SLX Explorer is a flexible, retargetable version of the SLX Mapper with an user-editable abstract multicore model for hardware and software system architects. Its flexibility serves two main use cases. On one hand, it enables architects to search for the best-suited off-the-shelf multicore platform for a given application. On the other hand, it allows to perform "what if" analysis with respect to software and hardware changes to drive exploration, design, and evolution for next generation multicore systems. Examples of what-if queries include (i) analyzing the effects of hypothetical changes in the application workload due to upcoming radio or multimedia standards and (ii) analyzing the effects on application performance of adding processors, memories, and hardware accelerators onthe current multicore architecture. SLX Explorer employs Silexica's abstract platform model and proprietary parallel performance estimation technology, enabling turn-around times 2-3 orders of magnitude faster than state-of-the-art instruction-set simulators.
The SLX Generator uses unique source-to-source compiler technology to produce highly optimized C Code for the individual processors of the target multicore. It receives the optimized software distribution computed by the SLX Mapper and automatically selects the best APIs for task management, synchronization, and communication. The generated C code is tailored for each individual processor, according to the mapping decisions. The output of the SLX Generator can be directly compiled with the individual native C compiler toolchains of the cores in a heterogeneous multicore. The base version of the SLX Generator includes standard parallel programming interfaces such as, Pthreads, SystemC, and MPI. These standard programming models can be used for fast functional software verification on the development host machine. Further versions of SLX Generator are currently available for selected off-the-shelf multicore platforms. New SLX Generator backends may be jointly developed with the customer upon request.
SLX Mapper receives as input a parallel application specification in form of a process network. This formalism is a natural way to represent streaming applications, and it covers a wide range of dataflow models. With process networks, the application is represented as a collection of processes that communicate over logical buffered channels. The SLX Mapper analyzes the computation and communication patterns of the process network and uses advanced optimization techniques to automatically select (i) the optimal mapping of processes to cores, (ii) the fastest mapping of logical channels to platform memories, and (iii) the most effective memory allocation for the buffers used for inter-process communication. Additionally, the user can specify real-time and resource constraints which are taken into account when computing a solution. Internally, SLX Mapper uses an abstract model of the target multicore architecture as well as fast and accurate software performance estimation technologies. Optionally, measured or estimated power consumption can be used together with performance to drive the mapping optimization within the SLX Mapper. As a final output, the SLX Mapper produces a complete spatial and temporal application mapping that can be forwarded to the SLX Generator, or to the customer's in-house code generator backend.

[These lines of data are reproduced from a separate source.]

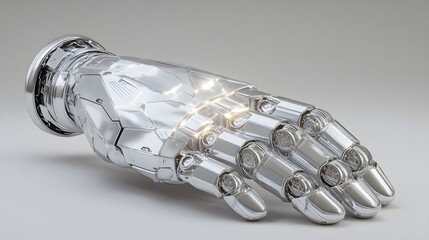 Metallic prosthetic forearm and articulated hand rests against a neutral background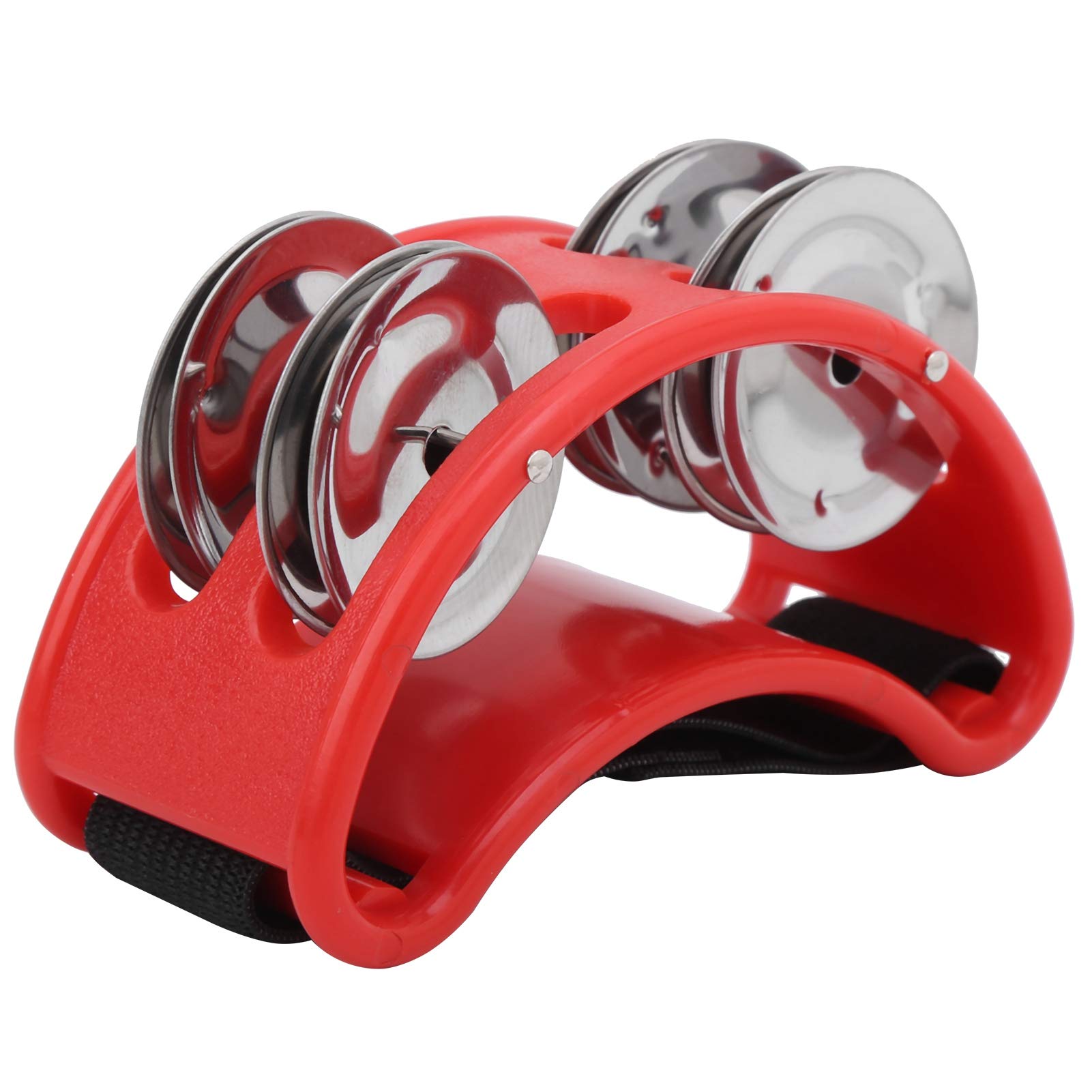 Foot Tambourine with Double Row for Cajon Box Drum Companion Accessory(Red) Performance Accessory Musical Instrument Accessories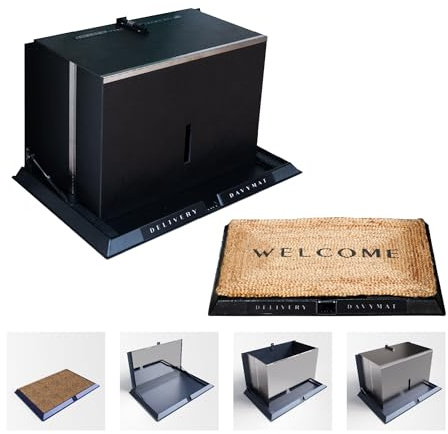 DAVYMAT ~ Transforming Doormat Package Locker | Anti-Theft Lockable Outdoor Parcel Safe | Secure Collapsible Porch Storage | Large 26x18x15 Capacity | Driver Approved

SLX Parallelizer receives sequential C code as input and semi-automatically turns it into a parallel process network implementation. Internally, it uses static and dynamic code analysis techniques to detect parallelism patterns that are guaranteed to deliver performance improvements in multicores. Example of these patterns areTask-Level Parallelism (TLP), Data-Level Parallelism (DLP) and Pipeline-Level Parallelism (PLP). This structured parallelism is commonly present in multimedia and signal processing applications but is mostly hidden within the sequential implementation. SLX Parallelizer interacts with the programmer to expose this parallelism and performs whole-program analysis and optimizations to decide on the best parallel representation of the application for a given target multicore. The parallelized version can be exported as C code with standard parallel APIs, such as pthreads or MPI, or can be forwarded as a CPN process network into the SLX Mapper for further optimizations and refinement.